MB Caschetta had so much insight when I interviewed her about her novel Miracle Girls. The novel takes place in the 1970s, and Cee-Cee Bianco is 10 years old, living in upstate New York. Her father is a jobless drunk and her mother has a bad habit of taking off, unannounced, for days at a time. Two of her three older brothers are kind, but the oldest one carries an anger inside him that he can’t tamp down; he looks at her funny. On top of all that, Cee-Cee sees angels. They hover and glow and give her messages and make her faint. Sometimes, when they’re around, her vision expands. She can visualize the suffering of other girls—girls in basements, girls who’ve been hit, kidnapped girls, girls who don’t know how to go on.
Here’s a bit of what MB Cashetta had to say. Read the full interview at Mediander.

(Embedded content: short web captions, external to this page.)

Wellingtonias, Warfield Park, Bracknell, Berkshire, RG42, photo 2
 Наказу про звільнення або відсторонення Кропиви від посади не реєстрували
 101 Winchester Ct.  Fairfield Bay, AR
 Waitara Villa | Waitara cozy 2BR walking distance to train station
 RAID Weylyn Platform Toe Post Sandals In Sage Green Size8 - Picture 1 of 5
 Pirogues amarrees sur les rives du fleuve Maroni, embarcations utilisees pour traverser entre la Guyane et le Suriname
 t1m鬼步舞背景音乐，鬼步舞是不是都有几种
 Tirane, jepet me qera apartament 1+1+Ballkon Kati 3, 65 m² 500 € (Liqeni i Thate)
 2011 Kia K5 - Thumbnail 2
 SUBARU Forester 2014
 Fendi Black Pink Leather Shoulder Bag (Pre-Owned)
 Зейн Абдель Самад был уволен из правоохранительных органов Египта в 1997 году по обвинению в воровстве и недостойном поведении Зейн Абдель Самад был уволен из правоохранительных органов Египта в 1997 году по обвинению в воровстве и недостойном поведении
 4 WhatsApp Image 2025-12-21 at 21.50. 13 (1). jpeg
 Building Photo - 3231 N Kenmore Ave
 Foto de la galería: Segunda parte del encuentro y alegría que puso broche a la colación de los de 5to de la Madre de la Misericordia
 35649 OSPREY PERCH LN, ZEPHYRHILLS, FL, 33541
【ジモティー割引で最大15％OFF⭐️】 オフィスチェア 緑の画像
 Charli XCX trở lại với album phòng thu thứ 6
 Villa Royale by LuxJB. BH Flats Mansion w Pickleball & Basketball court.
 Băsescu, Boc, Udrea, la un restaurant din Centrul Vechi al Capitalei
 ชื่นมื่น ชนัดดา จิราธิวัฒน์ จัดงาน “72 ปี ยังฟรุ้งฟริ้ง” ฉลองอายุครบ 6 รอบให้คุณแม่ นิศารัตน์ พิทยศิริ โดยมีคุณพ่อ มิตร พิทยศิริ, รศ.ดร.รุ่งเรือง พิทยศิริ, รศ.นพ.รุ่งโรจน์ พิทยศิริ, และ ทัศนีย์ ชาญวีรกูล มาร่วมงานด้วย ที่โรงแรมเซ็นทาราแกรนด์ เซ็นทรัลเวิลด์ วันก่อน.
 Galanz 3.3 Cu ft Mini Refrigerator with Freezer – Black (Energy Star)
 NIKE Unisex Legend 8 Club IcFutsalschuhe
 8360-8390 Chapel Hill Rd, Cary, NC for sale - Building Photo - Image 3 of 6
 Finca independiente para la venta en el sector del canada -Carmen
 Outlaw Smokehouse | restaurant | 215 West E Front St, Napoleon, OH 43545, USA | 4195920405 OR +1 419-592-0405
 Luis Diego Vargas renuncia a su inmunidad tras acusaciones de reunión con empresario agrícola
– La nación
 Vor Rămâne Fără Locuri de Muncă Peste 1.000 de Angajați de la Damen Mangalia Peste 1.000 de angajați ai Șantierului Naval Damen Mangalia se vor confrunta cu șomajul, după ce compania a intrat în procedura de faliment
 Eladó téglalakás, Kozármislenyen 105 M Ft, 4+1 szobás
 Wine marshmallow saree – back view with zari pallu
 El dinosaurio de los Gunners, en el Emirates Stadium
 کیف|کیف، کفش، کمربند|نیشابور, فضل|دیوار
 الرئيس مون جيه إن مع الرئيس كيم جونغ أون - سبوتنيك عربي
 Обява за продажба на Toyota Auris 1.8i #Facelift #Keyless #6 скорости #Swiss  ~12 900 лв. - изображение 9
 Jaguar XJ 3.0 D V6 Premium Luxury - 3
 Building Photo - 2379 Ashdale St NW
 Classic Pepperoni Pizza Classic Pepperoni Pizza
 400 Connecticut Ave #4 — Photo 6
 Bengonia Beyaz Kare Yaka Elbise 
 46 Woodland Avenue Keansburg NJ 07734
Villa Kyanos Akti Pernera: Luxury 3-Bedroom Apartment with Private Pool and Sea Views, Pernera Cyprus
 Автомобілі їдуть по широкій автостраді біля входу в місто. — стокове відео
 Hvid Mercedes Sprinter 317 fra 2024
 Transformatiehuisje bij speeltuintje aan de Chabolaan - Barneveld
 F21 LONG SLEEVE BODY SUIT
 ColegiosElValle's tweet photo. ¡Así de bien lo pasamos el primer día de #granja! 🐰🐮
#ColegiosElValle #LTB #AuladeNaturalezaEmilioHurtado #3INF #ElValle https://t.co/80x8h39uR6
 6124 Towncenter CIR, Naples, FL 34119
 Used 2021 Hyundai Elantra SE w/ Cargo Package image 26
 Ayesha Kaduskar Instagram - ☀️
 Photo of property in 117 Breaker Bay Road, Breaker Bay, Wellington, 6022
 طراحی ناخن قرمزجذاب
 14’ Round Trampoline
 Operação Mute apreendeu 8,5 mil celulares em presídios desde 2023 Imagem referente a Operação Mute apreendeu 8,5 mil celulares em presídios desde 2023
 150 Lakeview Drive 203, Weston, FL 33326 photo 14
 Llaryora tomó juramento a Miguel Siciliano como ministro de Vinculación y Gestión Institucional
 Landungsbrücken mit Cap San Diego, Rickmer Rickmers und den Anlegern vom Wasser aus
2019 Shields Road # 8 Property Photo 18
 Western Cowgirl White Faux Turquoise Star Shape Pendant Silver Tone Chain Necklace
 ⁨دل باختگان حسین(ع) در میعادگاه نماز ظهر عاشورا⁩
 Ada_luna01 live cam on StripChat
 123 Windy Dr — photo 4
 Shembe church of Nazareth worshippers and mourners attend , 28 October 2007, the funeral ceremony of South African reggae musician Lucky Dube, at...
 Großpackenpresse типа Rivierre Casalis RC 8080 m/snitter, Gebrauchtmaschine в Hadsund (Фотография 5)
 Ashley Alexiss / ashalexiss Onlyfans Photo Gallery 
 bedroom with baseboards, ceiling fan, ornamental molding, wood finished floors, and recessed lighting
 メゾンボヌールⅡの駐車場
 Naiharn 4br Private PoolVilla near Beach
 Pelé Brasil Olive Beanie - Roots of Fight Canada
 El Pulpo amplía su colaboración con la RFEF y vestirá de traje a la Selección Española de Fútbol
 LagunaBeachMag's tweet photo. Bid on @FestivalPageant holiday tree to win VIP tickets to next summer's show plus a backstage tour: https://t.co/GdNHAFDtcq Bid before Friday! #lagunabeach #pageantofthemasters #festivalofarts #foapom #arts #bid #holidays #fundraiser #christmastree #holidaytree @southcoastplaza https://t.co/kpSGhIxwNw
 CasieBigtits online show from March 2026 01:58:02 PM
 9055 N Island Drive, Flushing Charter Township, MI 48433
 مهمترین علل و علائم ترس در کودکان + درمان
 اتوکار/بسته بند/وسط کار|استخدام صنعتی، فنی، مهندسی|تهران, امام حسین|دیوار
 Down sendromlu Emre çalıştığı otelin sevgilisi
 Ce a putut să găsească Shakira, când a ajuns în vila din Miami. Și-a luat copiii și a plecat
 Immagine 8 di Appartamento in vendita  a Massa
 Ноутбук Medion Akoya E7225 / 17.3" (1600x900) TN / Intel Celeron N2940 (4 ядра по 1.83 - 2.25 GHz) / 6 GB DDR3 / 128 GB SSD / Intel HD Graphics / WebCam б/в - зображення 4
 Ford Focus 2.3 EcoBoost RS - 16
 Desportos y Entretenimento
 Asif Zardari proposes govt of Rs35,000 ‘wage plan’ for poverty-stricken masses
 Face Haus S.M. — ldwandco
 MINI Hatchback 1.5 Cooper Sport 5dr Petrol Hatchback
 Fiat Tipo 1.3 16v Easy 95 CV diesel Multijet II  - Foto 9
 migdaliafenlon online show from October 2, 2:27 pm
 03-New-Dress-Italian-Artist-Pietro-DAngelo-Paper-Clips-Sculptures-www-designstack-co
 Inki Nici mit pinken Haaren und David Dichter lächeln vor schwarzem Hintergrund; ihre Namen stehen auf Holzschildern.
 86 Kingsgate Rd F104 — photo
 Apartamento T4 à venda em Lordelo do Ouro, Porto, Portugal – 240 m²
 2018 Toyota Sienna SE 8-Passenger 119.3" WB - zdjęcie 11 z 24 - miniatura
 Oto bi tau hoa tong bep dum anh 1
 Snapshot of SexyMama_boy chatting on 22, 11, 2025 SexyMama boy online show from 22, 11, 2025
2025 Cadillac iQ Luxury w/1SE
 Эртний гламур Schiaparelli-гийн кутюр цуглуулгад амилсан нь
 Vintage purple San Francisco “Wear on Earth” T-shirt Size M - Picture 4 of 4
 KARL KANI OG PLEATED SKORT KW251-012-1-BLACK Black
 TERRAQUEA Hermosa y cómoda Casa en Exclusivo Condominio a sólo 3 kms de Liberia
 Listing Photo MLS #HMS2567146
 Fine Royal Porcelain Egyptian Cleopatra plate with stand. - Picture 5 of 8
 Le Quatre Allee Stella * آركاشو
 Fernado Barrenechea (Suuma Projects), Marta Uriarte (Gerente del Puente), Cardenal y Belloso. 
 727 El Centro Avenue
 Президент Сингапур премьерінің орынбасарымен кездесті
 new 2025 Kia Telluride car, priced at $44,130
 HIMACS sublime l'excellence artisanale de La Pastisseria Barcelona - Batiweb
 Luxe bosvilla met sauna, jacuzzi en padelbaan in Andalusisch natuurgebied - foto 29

For myself, vanishing girls are particularly resonant—not because I was kidnapped as a child (I wasn’t), but because traumatic events at home, while still tucked in my bed, made me find ways of learning how to make myself disappear without going anywhere. An intact imagination during a difficult situation can lead to some magical, spiritual options.
The novel takes place in the early 1970s, a time that started a wave of crimes against children that weren’t only based on money. Earlier kidnapping cases tended to involve rich families with children held for ransom. Missing persons cases have increased something like sixfold over the past decades, due to a growth in population and other factors.
In such a context, young girls are naturally the most vulnerable in terms of powerlessness. And I would venture to guess that the writers you mention are attempting to get our culture a little more obsessed with the kind of violence that is involved in girls being kidnapped. Obama’s speech for the Grammys was a step in the right direction, but on the whole I think more concern is warranted.